- Opening Delimiter -

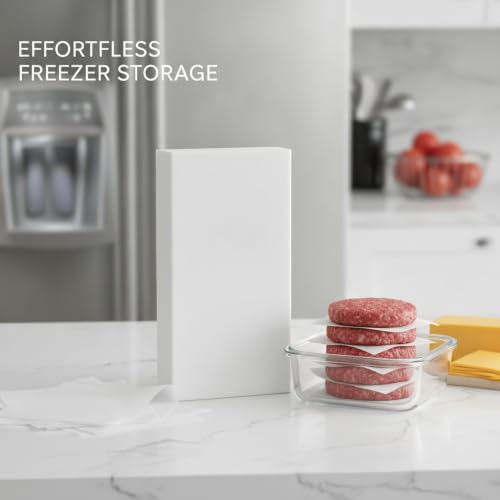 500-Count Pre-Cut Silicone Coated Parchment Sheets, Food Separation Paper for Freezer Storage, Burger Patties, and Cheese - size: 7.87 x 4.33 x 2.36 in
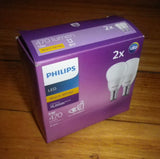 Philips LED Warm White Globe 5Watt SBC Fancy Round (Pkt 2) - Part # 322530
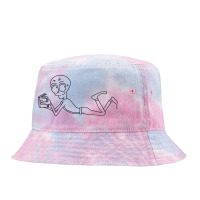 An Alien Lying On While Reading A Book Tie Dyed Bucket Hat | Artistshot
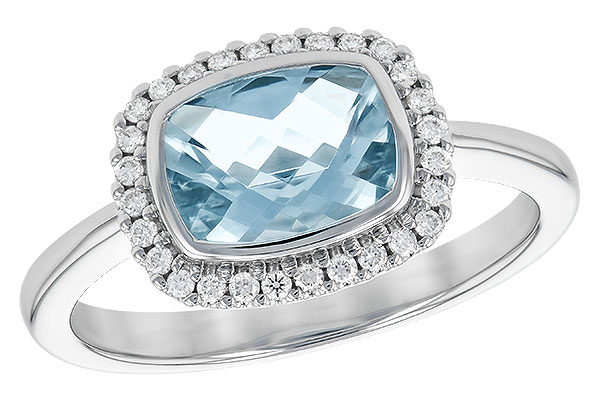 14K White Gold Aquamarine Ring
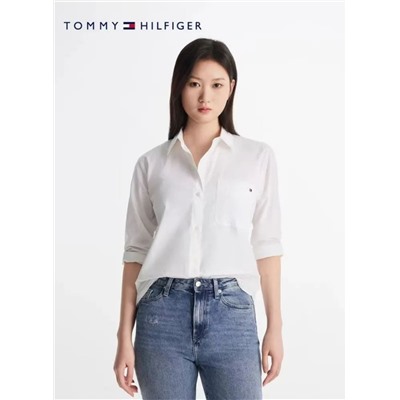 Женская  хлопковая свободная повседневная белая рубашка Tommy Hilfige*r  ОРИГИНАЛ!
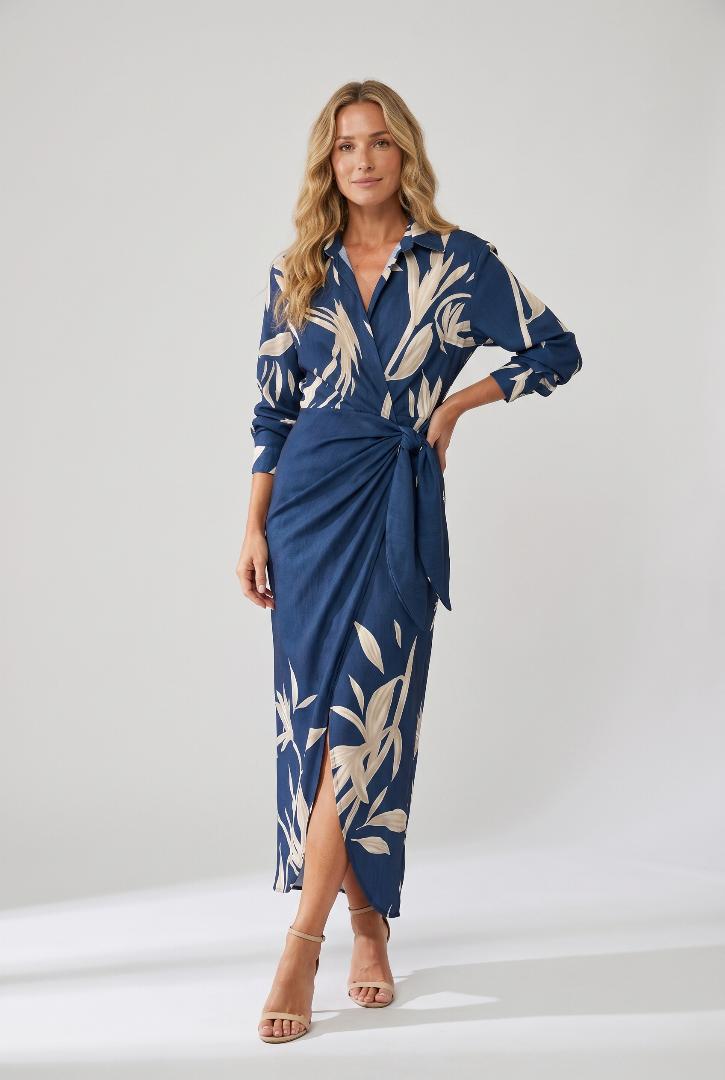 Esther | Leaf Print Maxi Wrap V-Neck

- Closing Delimiter -

[GOAL OF THE EXERCISE]
Restate the lines of the records exactly, starting at the first and stopping after the line with "An Alien Lying". Leave out any picture.

[TASK RESULT]
 500-Count Pre-Cut Silicone Coated Parchment Sheets, Food Separation Paper for Freezer Storage, Burger Patties, and Cheese - size: 7.87 x 4.33 x 2.36 in
 Philips LED Warm White Globe 5Watt SBC Fancy Round (Pkt 2) - Part # 322530
 An Alien Lying On While Reading A Book Tie Dyed Bucket Hat | Artistshot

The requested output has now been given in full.